Thermal stability determination:
The enzyme liquid packing of having diluted is placed in 60 DEG C of metal baths, carries out enzyme activity determination every 3min sampling, calculate the transformation period.
Embodiment 1: the acquisition of mutant strain
Adopt the method for pcr amplification or chemosynthesis, obtain the alkaline pectinase gene of aminoacid sequence as shown in SEQIDNO.1, then gene is connected to pET-22b (+), be transformed in E. coli BL21 (DE3) again, screening, correct transformant called after recombinant bacterium E.coliBL21 (DE3) (pET-22b (+)/PGL-(GS)
3-S1).
Embodiment 2: the checking of mutant strain
Seed culture: by recombinant bacterium E.coliBL21 (DE3) (pET-22b (+)/PGL-(GS)

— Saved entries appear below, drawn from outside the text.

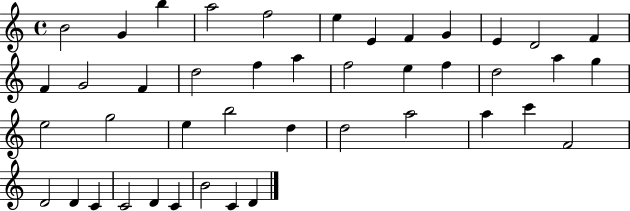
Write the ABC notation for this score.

X:1
T:Untitled
M:4/4
L:1/4
K:C
B2 G b a2 f2 e E F G E D2 F F G2 F d2 f a f2 e f d2 a g e2 g2 e b2 d d2 a2 a c' F2 D2 D C C2 D C B2 C D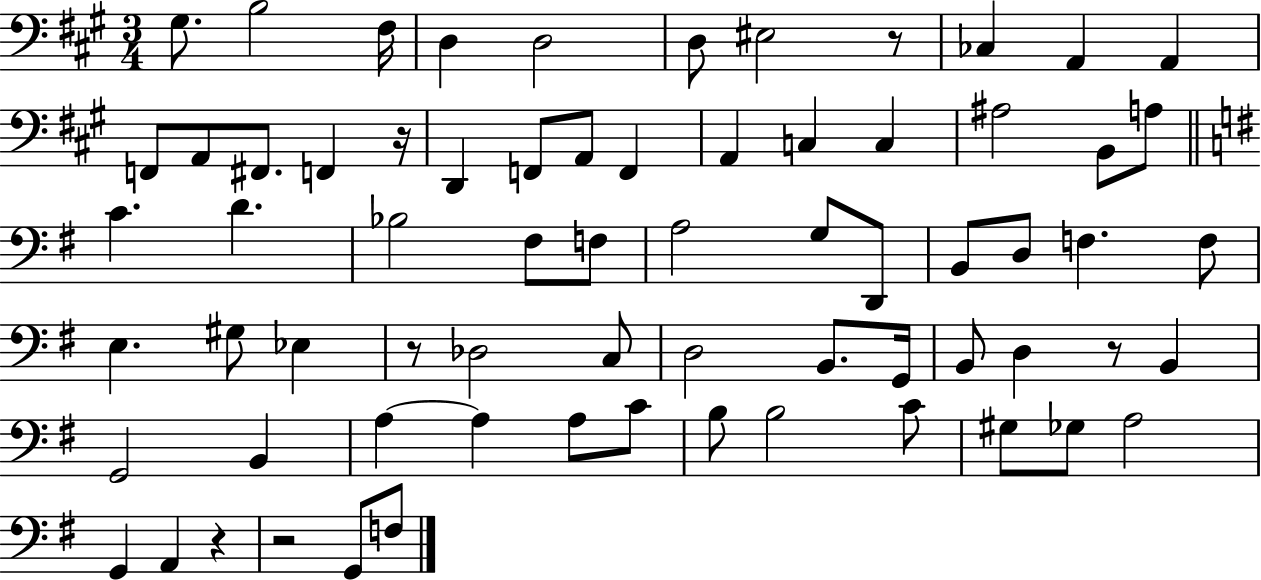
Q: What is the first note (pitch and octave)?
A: G#3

3-S1) get from glycerine pipe and be inoculated in (100 μ gmL in LB substratum in right amount
-1penbritin, 2% glucose), liquid amount is 20mL/250mL.37 DEG C, 200rmin
-1shaking culture 10h on shaking table.
Shake flask fermentation: will the seed liquor of 10h be cultivated with the inoculum size of 3% (V/V) access fermention medium TB (100 μ gmL
-1penbritin) in, liquid amount is 20mL/250mL, 37 DEG C, 200rmin
-1be cultured to cell concentration OD600=0.6, add final concentration 0.04mMIPTG and induce, at 30 DEG C, induce 48h.

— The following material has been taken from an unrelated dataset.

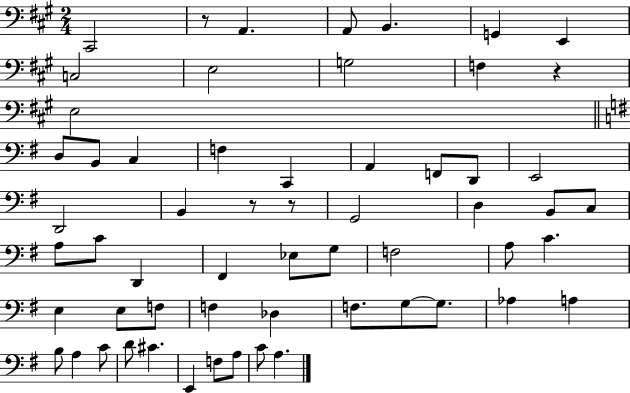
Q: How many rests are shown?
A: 4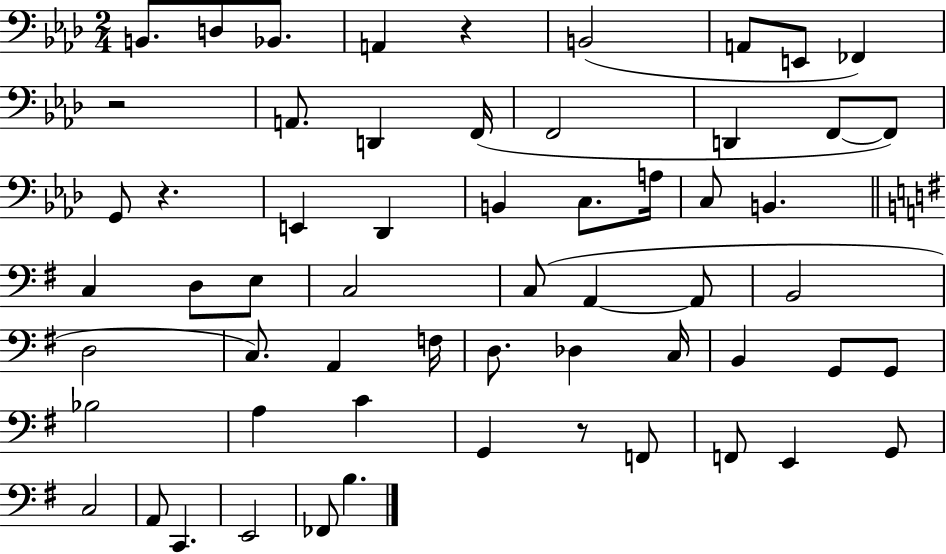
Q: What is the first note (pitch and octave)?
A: B2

Embodiment 3: the purifying of alkaline pectase
By the centrifugal 20min of recombinant bacterium fermented liquid 8000r/min, get supernatant liquor, add ammonium sulfate to carry out gradient and saltout, low-temperature centrifugation collects 30 ~ 50% ammonium sulfate precipitation parts, the enzyme of salt precipitation is dissolved in Glycine-NaOH buffered soln (pH7.5), with 20mmol/L Glycine-NaOH buffered soln dialysis treatment 24h.Centrifugal gained supernatant liquor carries out further separation and purification through cation-exchange chromatography.

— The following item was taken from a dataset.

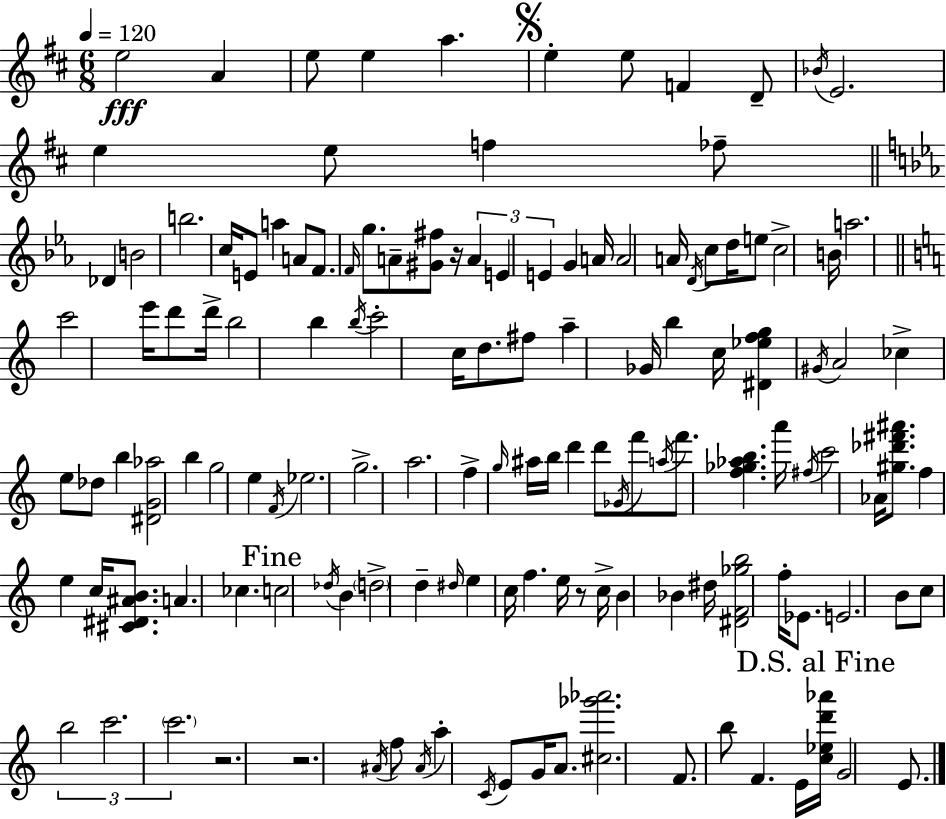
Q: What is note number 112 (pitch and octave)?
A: A#4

Embodiment 4: alkaline pectase pure enzyme liquor ratio enzyme is lived and the transformation period measures
By the alkaline pectase dilution after purifying, measure enzyme according to the method described above and live, with BSA determination of protein concentration kit measurement protein concentration, the PGL-S1 that sets out is more alive than enzyme is 458.52 ± 22.9U/mg, and mutant PGL-(GS)
3-S1 is than enzyme work up to 2793.17 ± 90.23U/mg, and 60 DEG C of half-life bring up to nearly 20min by original 15min.And compare with other mutant, the expression amount of mutant of the present invention increases, and is illustrated in fig. 1 shown below.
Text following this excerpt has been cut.